== Segment start ==

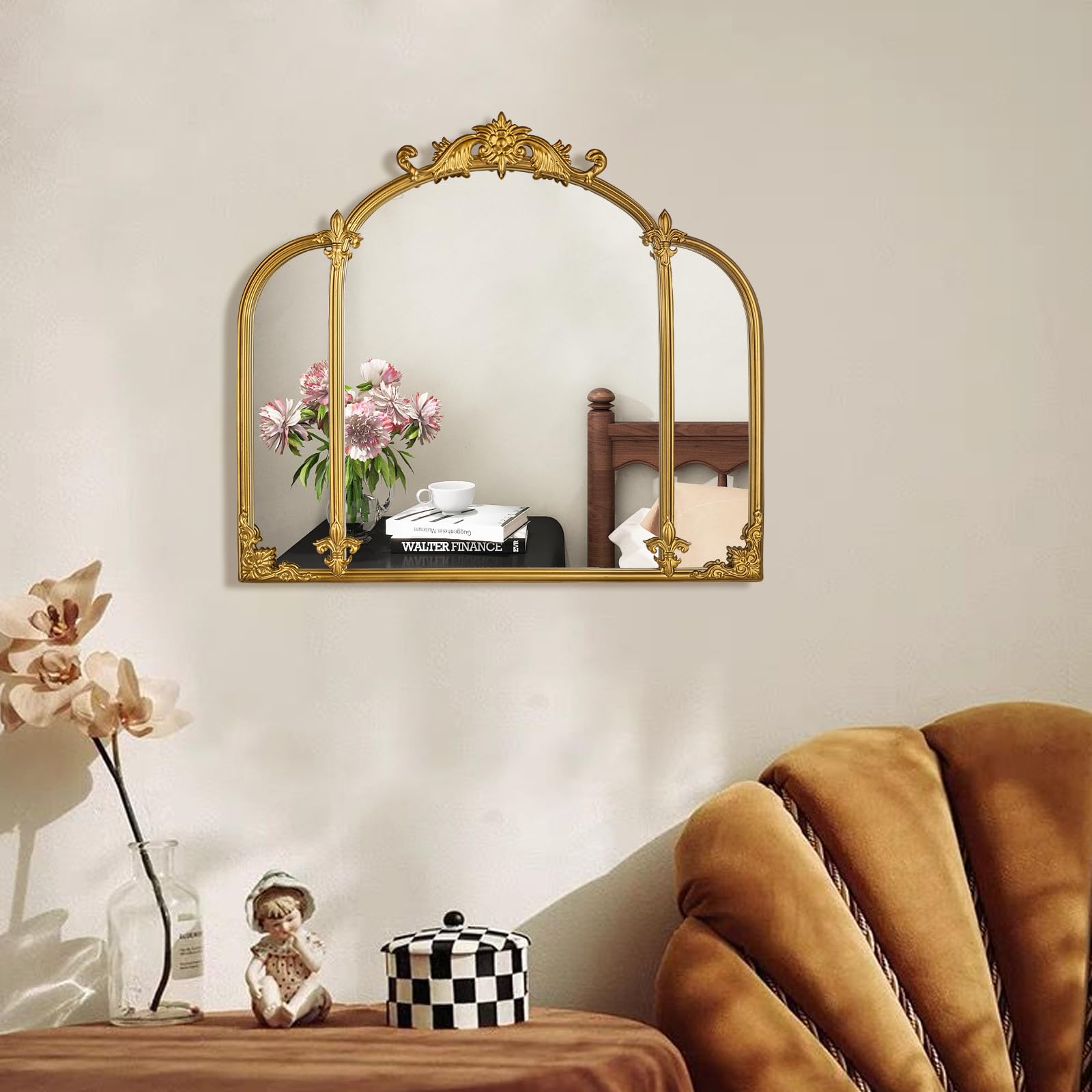Espejo de Pared de Arco Dorado de 24 x 22 Pulgadas, Estilo Barroco con Marco de Metal, tocador, Dormitorio, baño, Entrada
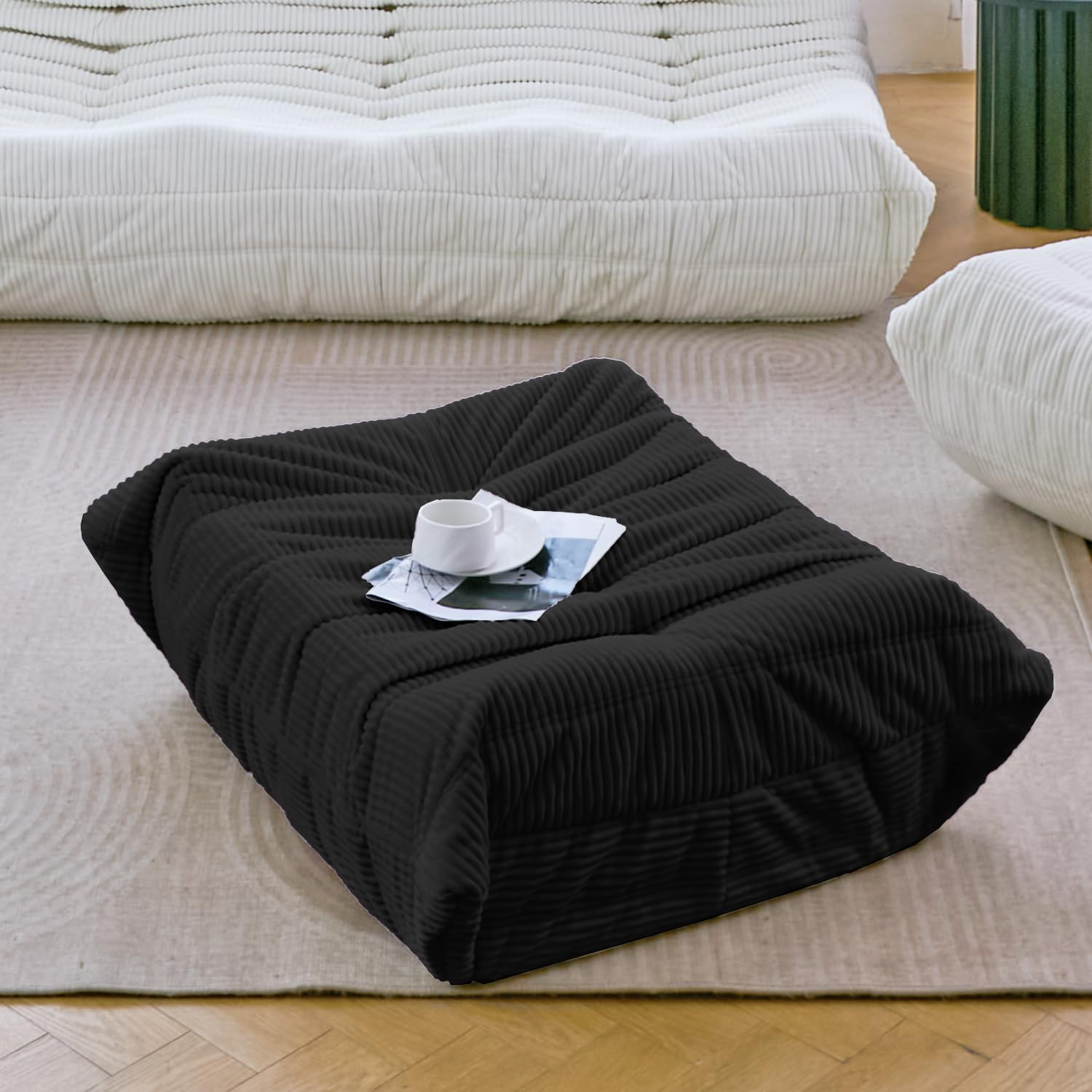 N&V Ottoman for Fireside Chair and Sofa, Soft Premium Corduroy Ottoman, Foam Ottoman for Accent Chair, Living Room Bedroom (Black)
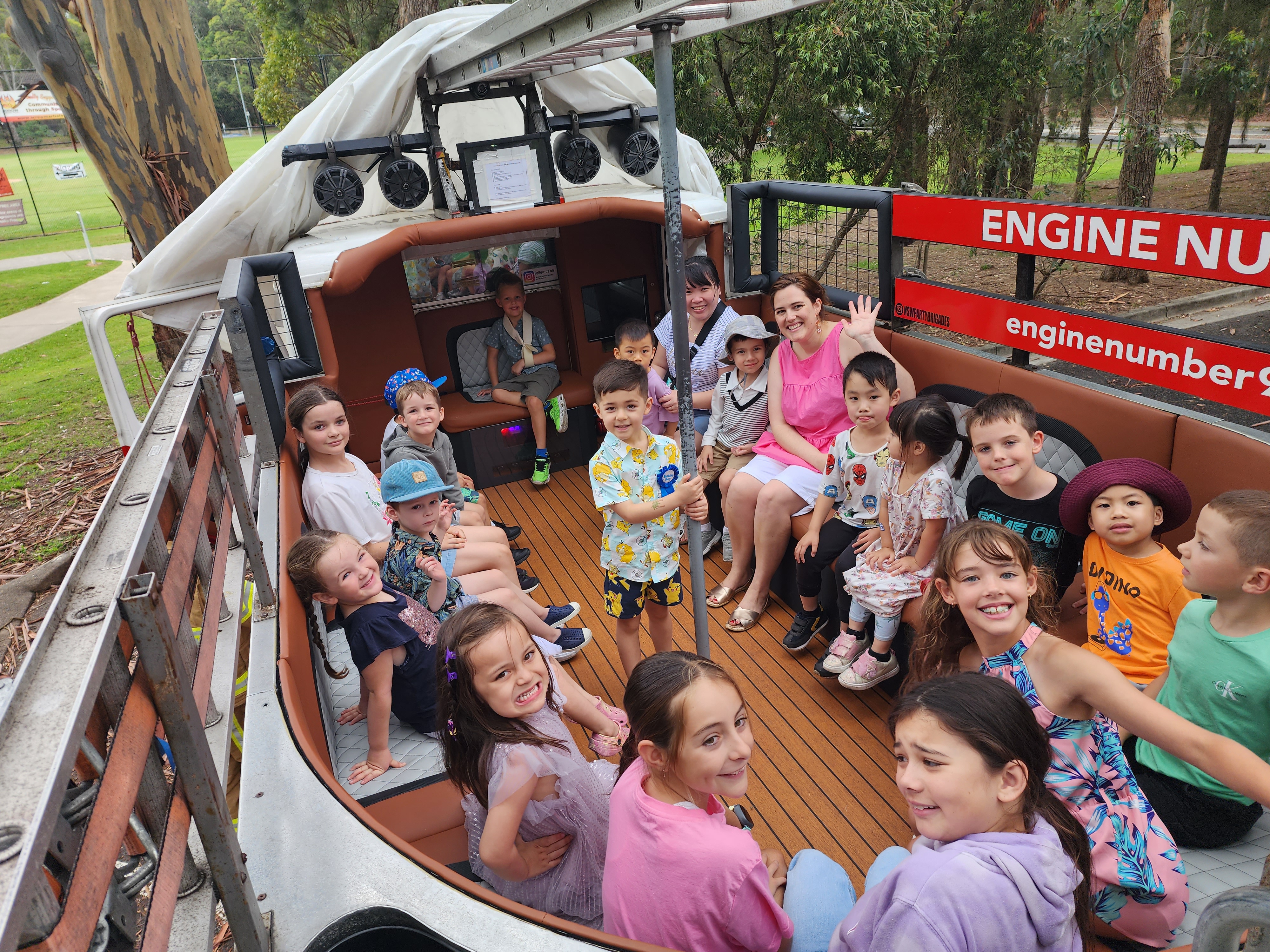 Sydney kids enjoying a fire truck party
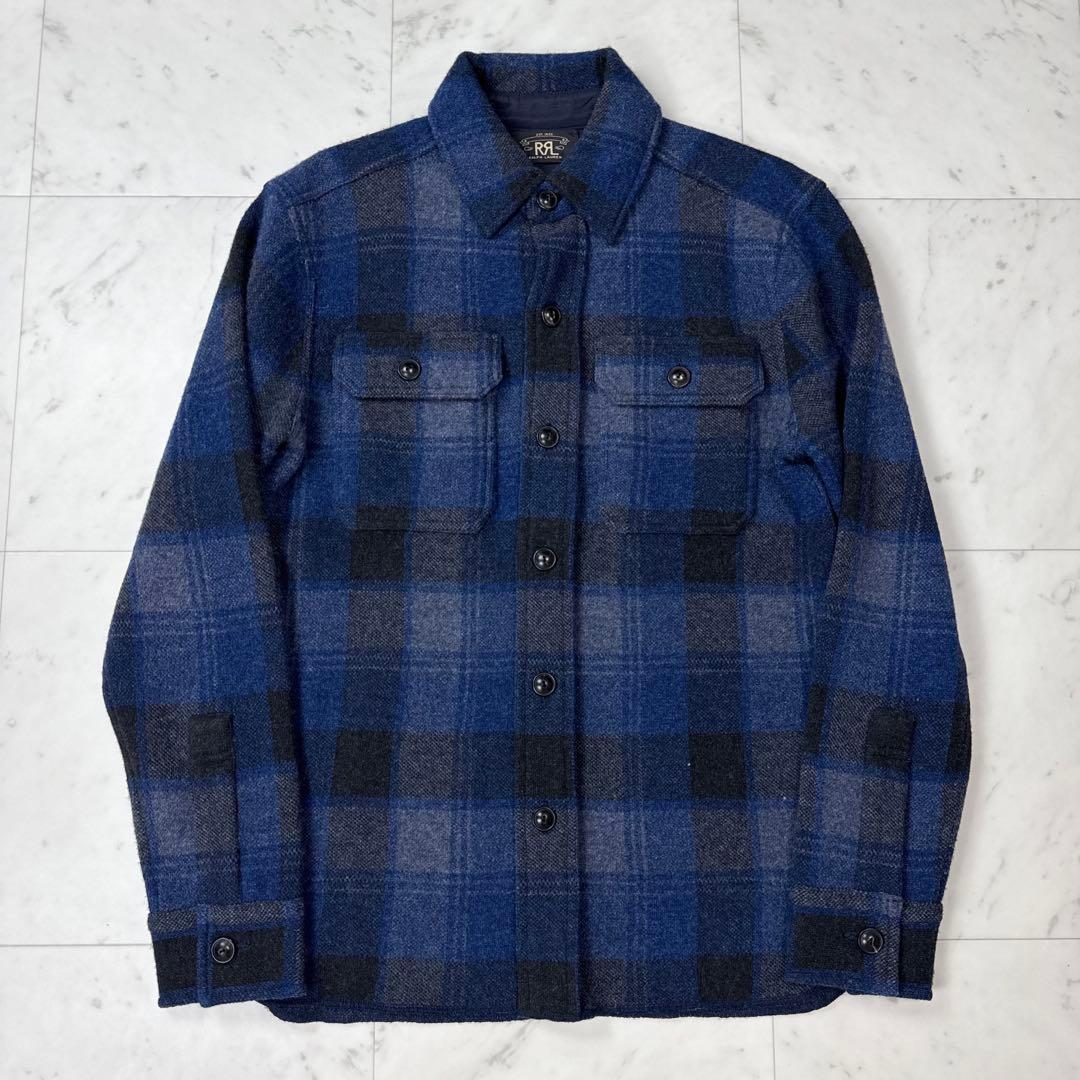 RRL カシミヤ ウール シャツジャケット バッファローチェック 青系 Sサイズ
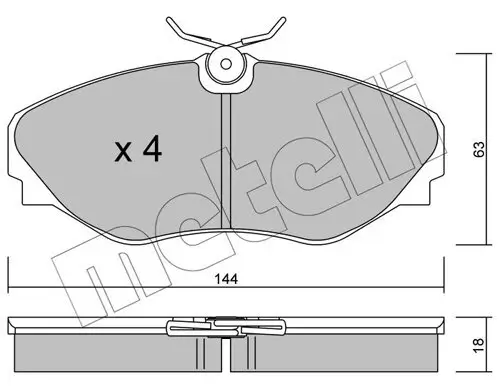 Bremsbelagsatz, Scheibenbremse Vorderachse METELLI 22-0338-0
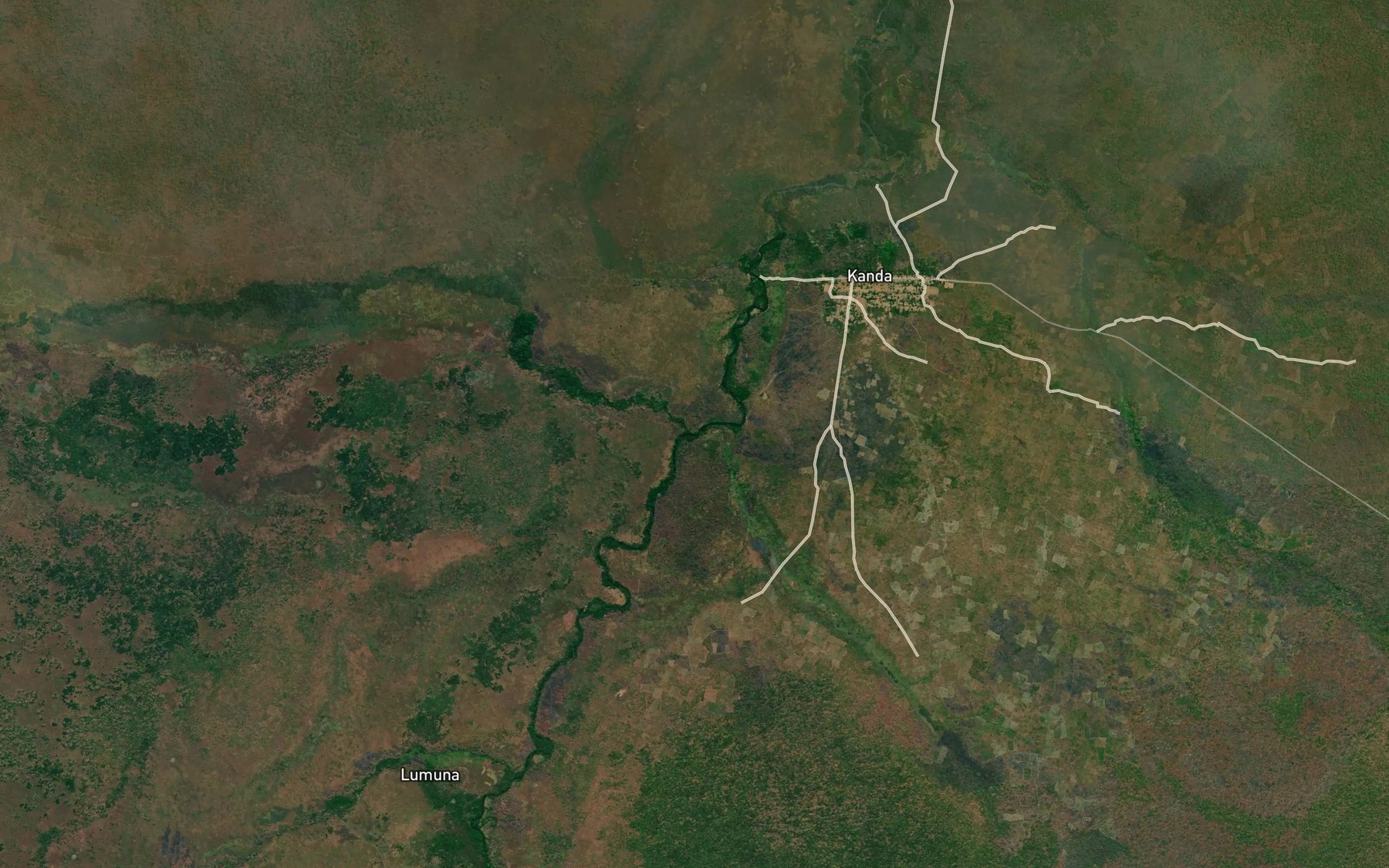 Satellite map of the Tshilese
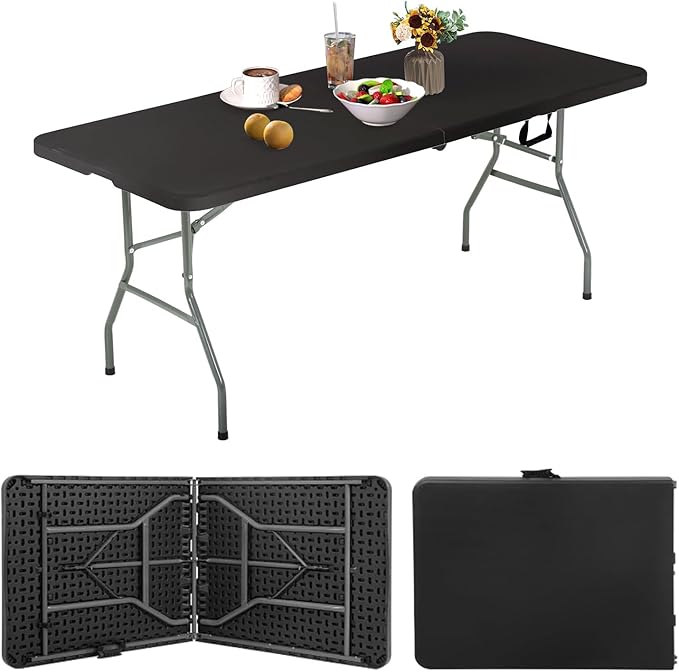 6 Ft White Folding Table Portable Table Camping Table Outdoor Collapsible Dinner Table Outdoor Tables for Patio Yard Wedding Party Cocktail Display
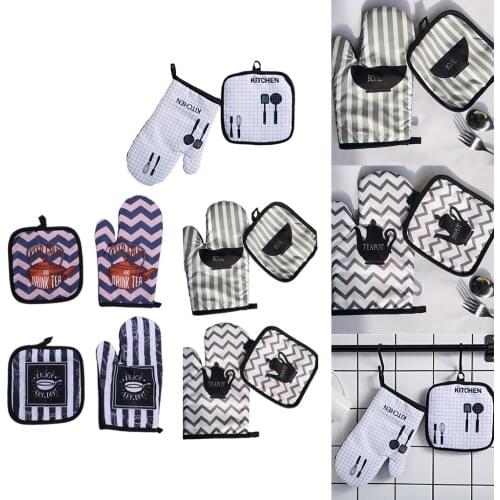2pcs Oven Gloves Pot Holder Set Heat Resistant Quilted Mitts Cooking baking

== Segment end ==

Problem
Quote exactly, and nothing besides, the lines from the one with "Satellite map of the Tshilese" through the end of the records above; include both ends and omit the pictures.

Answer box
 Satellite map of the Tshilese
 6 Ft White Folding Table Portable Table Camping Table Outdoor Collapsible Dinner Table Outdoor Tables for Patio Yard Wedding Party Cocktail Display
2pcs Oven Gloves Pot Holder Set Heat Resistant Quilted Mitts Cooking baking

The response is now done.